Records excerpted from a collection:
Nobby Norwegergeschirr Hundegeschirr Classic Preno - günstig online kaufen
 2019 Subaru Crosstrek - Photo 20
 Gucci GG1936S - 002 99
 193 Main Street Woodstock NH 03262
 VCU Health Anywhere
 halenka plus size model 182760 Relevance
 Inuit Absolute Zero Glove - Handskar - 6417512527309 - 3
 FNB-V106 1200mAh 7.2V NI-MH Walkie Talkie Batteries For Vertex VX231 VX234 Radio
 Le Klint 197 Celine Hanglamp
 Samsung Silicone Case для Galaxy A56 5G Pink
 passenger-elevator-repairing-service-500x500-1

* * *

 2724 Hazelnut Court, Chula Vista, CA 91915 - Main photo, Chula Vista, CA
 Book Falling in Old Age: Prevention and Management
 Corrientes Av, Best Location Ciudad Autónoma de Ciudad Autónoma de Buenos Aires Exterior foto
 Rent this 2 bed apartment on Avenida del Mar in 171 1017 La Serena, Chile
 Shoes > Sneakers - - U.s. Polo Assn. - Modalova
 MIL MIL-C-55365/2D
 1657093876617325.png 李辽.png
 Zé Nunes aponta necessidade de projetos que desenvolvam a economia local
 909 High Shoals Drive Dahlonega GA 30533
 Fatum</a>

- [Exercise details] Lines holding the word "Main" are the answer; copy each one from the records above.

- [Result of this exercise]
 193 Main Street Woodstock NH 03262
 2724 Hazelnut Court, Chula Vista, CA 91915 - Main photo, Chula Vista, CA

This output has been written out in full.